This is an important trade-off in storage systems: well-chosen indexes speed up read queries, but every index slows down writes. For this reason, databases don’t usually index everything by default, but require you—the application developer or database administrator—to choose indexes manually, using your knowledge of the application’s typical query patterns. You can then choose the indexes that give your application the greatest benefit, without introducing more overhead than necessary.
<<Designing Data Intensive Applications»
当表中有大量记录时,若要对表进行查询,
- 第一种搜索信息方式是全表搜索,是将所有记录一一取出,和查询条件进行一一对比,然后返回满足条件的记录,这样做会消耗大量数据库系统时间,并造成大量磁盘I/O想操作;
- 第二种就是在表中建立索引,然后在索引中找到符合查询条件的索引值,最后通过保存在索引中的ROWID(相当于页码)快速找到表中对应的记录。
索引能够提高 SELECT 查询和 WHERE 子句的速度,但是却降低了包含 UPDATE 语句或 INSERT 语句的数据输入过程的速度。索引的创建与删除不会对表中的数据本身产生影响。
索引目的
索引的目的在于提高查询效率,可以类比字典,如果要查“mysql”这个单词,我们肯定需要定位到m字母,然后从下往下找到y字母,再找到剩下的sql。如果没有索引,那么(在最坏的情况下)你需要把所有单词都看了一遍,才能找到你想要的,因为这时候你要找的单词在文本末尾。
Usage
Support for fast lookup
Most database software includes indexing technology that enables sub-linear time lookup to improve performance, as linear search is inefficient for large databases.
Suppose a database contains N data items and one must be retrieved based on the value of one of the fields. A simple implementation retrieves and examines each item according to the test. If there is only one matching item, this can stop when it finds that single item, but if there are multiple matches, it must test everything. This means that the number of operations in the average case is O(N) or linear time. Since databases may contain many objects, and since lookup is a common operation, it is often desirable to improve performance.
An index is any data structure that improves the performance of lookup. There are many different data structures used for this purpose. There are complex design trade-offs involving lookup performance, index size, and index-update performance. Many index designs exhibit logarithmic (O(log(N))) lookup performance and in some applications it is possible to achieve flat (O(1)) performance.
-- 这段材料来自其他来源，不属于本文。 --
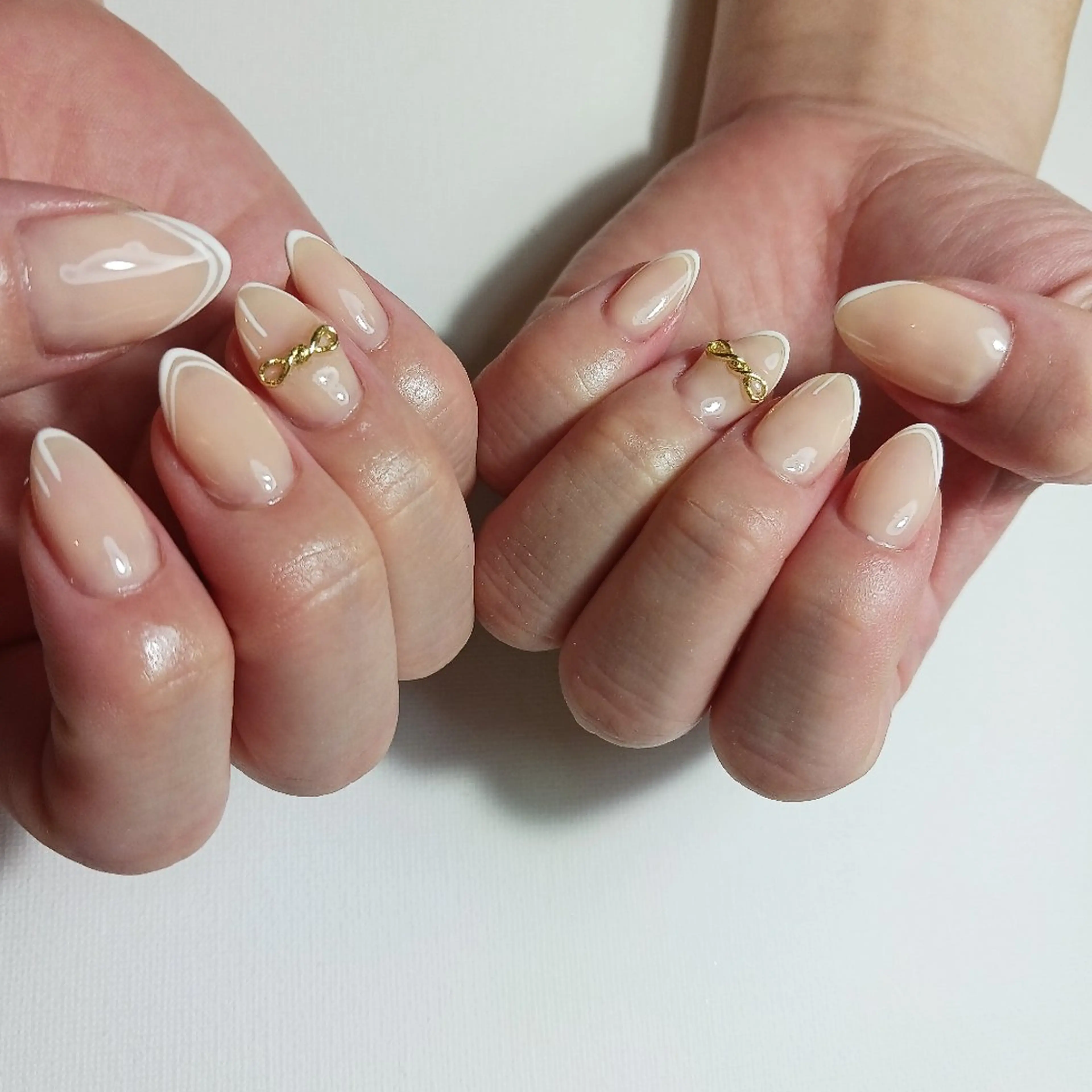 ネイル フレンチネイル ジェルネイル 持ち込み ショートネイル ハンドネイル nanakonail /持込みデザイン専門のネイルデザイン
Policing the database constraints
Indexes are used to police database constraints, such as UNIQUE, EXCLUSION, PRIMARY KEY and FOREIGN KEY. An index may be declared as UNIQUE, which creates an implicit constraint on the underlying table. Database systems usually implicitly create an index on a set of columns declared PRIMARY KEY, and some are capable of using an already-existing index to police this constraint. Many database systems require that both referencing and referenced sets of columns in a FOREIGN KEY constraint are indexed, thus improving performance of inserts, updates and deletes to the tables participating in the constraint.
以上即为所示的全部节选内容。